Friday, March 6, 2009

Nothing wasted, Nothing gained

Unfinished manuscripts, false starts and deleted scenes are things every writer accumulates over time. Things that just didn't click for some reason. Ideas that were so clear at the time but for whatever reason didn't come together. Or didn't work in the project you wrote them for. I have tons of these. 

I have entire folder on my computer filled with documents that I originally wrote on my SmithCorina Word Processor during my freshman year at NYU. They were saved on hard disks. I've had to convert them through four different software upgrades. They lost all their formating, but I keep them anyway. I also recently found a notebook of things I wrote in high school amongst an entire bookshelf in my office, stacked with unused drafts of every novel I've written. I keep these things because I know there are pieces in them that I can use at some point. I think it's something you have to believe to ever become a writer. 

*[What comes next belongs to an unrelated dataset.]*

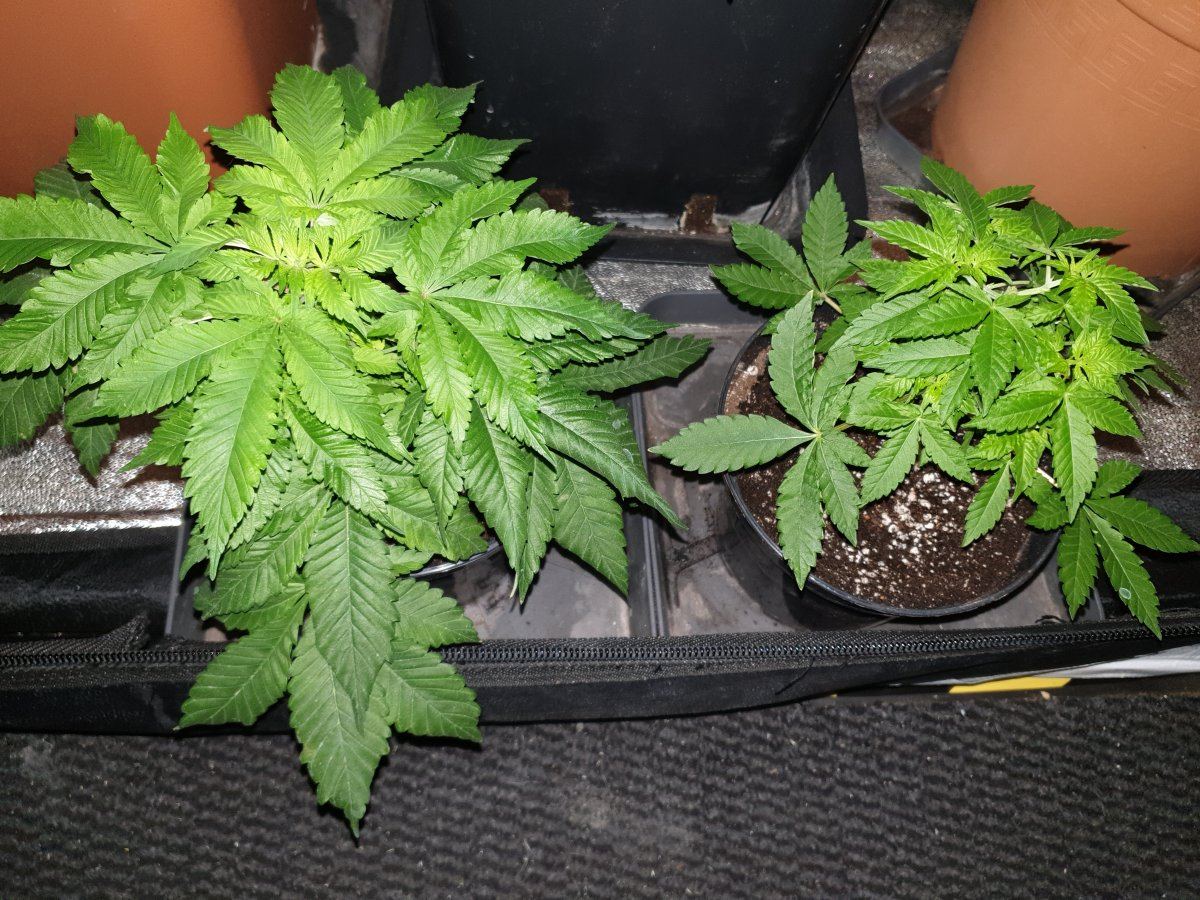 Winter strain selection and rehab corner 8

The process of accumulating these scraps is so frustrating that I think it's what causes most young writers to give up on it. There's this incredible feeling of having wasted your time when you write 250 pages of a book only to realize that you've lost the story. A few years of that will drive most to quit. That's why I always try to think of writing like I do with painting. A painter doesn't finish every painting. Or musicians. They don't finish every song. But pieces make it into later works. You can hear this if you listen several demo versions of songs and then the finished ones. A great example of this is the song The Other Improv on With the Lights Out. It was a one off free form that lasts 9 minutes. But there are lines in that improve that make it into two other songs that appear on In Utero. That's the way I treat writing.


"Morgan puts her hand on my chest and pushes me. Holds my chest flat so that it's hard to breathe and I struggle for air. Impossible for me to scream and the air is filled with so many sounds like the screeching of heavy machines but it is only the grinding of zombie teeth.

It burns when her teeth penetrate my stomach and tear into my flesh. Teeth working deeper like bloody chainsaws, ripping veins and getting thirstier with each new layer. Painfully peeling back my skin like tearing open Christmas paper. Feels like I'm being licked with the fire tongue of a demon as my body is torn open with bones poking out at all angles when the other girls join in. Their teeth too long and too sharp, made for shredding organs and pulling apart abdomens.

I feel them swallow my hands and swallow my feet and I try my best to scream but I cannot hear anything except the gnashing of teeth and the warm breathing against my face." page 91 Zombie Blondes.

That passage was taken from an unfinished novel I'd written three or four years before writing Zombie Blondes. It wasn't zombies tearing apart the main character in  that story, it was some kind of aquatic fishboy monster. It was scene that always stuck with me. As I was writing Zombie Blondes and reached this point in the novel, I knew I needed something pretty strong and graphic. 

I immediately thought of this scene and searched the folder on my computer titled POSSIBLE PROJECTS. It took some searching. It could have been from one of several rather experimental novels that I'd attempted. Luckily I have a fantastic memory and was able to narrow it down to three written during my drinking days at the International bar located just around the corner from my 7th Street stomping grounds.  
    

I found it, read it, changed a few lines and that's it. It found it's place. Every scene has it's place, but sometimes it's not always where I thought it would be.